TASK GOAL: In the listing below, the answer starts at the line that has "S9abebad1368047ba8b053128ee4195fd4" and stops after the line that has "AS Colour Carrie Bag Thumbnail"; please repeat that part exactly and nothing more.

SOURCE DATA:
- Opening Delimiter -

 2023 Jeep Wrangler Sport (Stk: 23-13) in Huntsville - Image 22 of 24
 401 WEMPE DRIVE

- Closing Delimiter -
- Opening Delimiter -

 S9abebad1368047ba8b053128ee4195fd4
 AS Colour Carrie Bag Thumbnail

- Closing Delimiter -

ANSWER TO THIS PROBLEM:
 S9abebad1368047ba8b053128ee4195fd4
 AS Colour Carrie Bag Thumbnail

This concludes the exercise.